VOLUME INDEX



How Brother Jed Smock met Vex Harrow.


 
 
 






The hammer cratered the cement-and-rock floor of the Farmer Building courtyard, shook the very earth and toppled the cinderblocks as the ground gave way beneath its mighty blow. Vex stared at the hole for a moment in confusion and anger before she realized what must have happened. She spun to meet Jed and found him standing stock still, eyes gazing hollowly, chest puffed up, and the staff ramrod vertical at his side.

“Oh, fuck,” Vex muttered under her breath as she straightened and turned her body in a fighting pose to show the smallest silhouette to her opponent, hammer gripped behind her in strike position.

“Watch your language, Hellbound child,” he said to her in a double-voice, one his own, the other almost an octave higher. As his lips moved, she noticed those of the Christ-figure on the crucifix mirrored his, as did its gaze and expression. He lifted the staff and slammed it into the ground, a blast-wave of passion—love, hate, zealotry, desire, anger, and fear—rushed across the ground towards her and slammed into her wards. She leaned into it like facing a stiff hurricane wind as it blew around her, but the shield held.

Jed hmphed and turned his back to her to walk out of the shaded courtyard and back onto campus. He took three steps and slammed into an invisible wall at the opening to the short hallway—so close to the outside world, so close to the students and a possible food source, but he couldn’t leave the building. Looking down, he would see the rosaries wrapped together in an unending chain crossing the threshold. Every exit threshold. Even if she couldn’t destroy it in one go, Vex knew well enough not to unleash this thing on the campus.

The parasite and Jed turned around again and faced Vex—both he and the crucifix cocked their heads to one side.

“Unclean thing, you interfere with my hunting grounds,” he continued. “I will erase your memory as surely as I crush a leaf beneath my feet. First, you shall tell me how you uncovered my blind—surely you are proud of your work. Brag for me.”

“When is the last time you ever saw a picture of Jesus giving us his O-face?” Vex said. “Talk about a dead giveaway.”

She could feel it testing her defenses as the figure’s eyes scanned the room, looking for a weakness. Vex hoped that Nathan had hidden himself well; she couldn’t take her eyes of Brother Jed for even a moment to check. He’d become a veteran of many situations like this, so he should know better by now.

“I have taken many wizards before you, child,” Brother Jed said in the uncanny dual-voice. “Like the one I took this form from. Even priests are not immune to my seduction. Perhaps even you will learn to serve me.”

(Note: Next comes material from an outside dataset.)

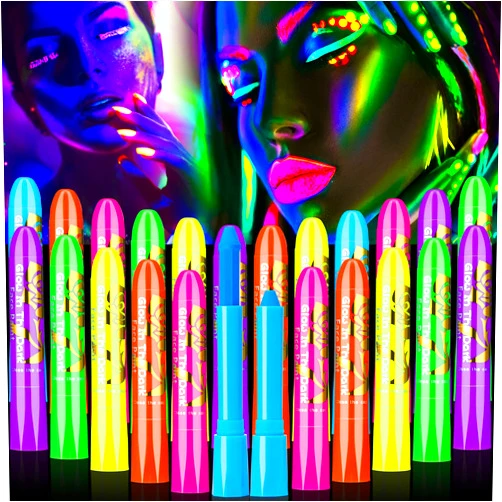 Handepo 24 Pcs Glow in the Black Light Face Paint Crayons Neon Face Body UV Light Paint Kit Fluorescent Halloween Masquerade Makeup for Adult Mardi Gras Parties(Rainbow Color)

“This is why I have a problem with people like you,” Vex said addressing the host, not even knowing if he could hear her. “You become the focal point of so much human disdain that you attract things like this. Trapped in your own delusion, you only bring strife with you. You’re like the light inside of a bug zapper.” She shifted her attention to the bronze figure. “Except this time, you’re the bug. I’m the zapper.”

“All of your kind are just meat for my grinder,” the dual-voice grated, dripping condescension. “Your enthusiasm too I will subvert to my own ends. You’re no different then they shouting at this one as he belts out his human elegy and I absorb their mockery, their rebellion, and their shame.

“Today we end this. Are you going to talk to me to death or shall I get on with kicking your ass back to the interregnum?”

Brother Jed and the Christ-figure mirrored the same ugly sneer. “Do you value your life so little? So be it. I will break your will and ride your hollow body as my newest trophy.”

“Bring it.”

Brother Jed lowered the crucifix-cum-staff like a spear and charged at her and she advanced at him. Her muscles bunched in anticipation as the hammer sang in her hand, calling out for shattered bones and broken bodies. She indulged it, feeling her adrenaline soar and time slow as she pivoted around the middle and swung.

As she swung, she pulled all of her strength into the blow—expecting her aim to hit something, either Jed or the parasite, at this point it didn’t matter. Instead she struck nothing. Brother Jed turned away from her on one side, ducking the swing; he released the staff, which slid past on her other side and avoided the hammer by leaning away. They rejoined one another after letting her pass between them like a couple holding hands passing a pole.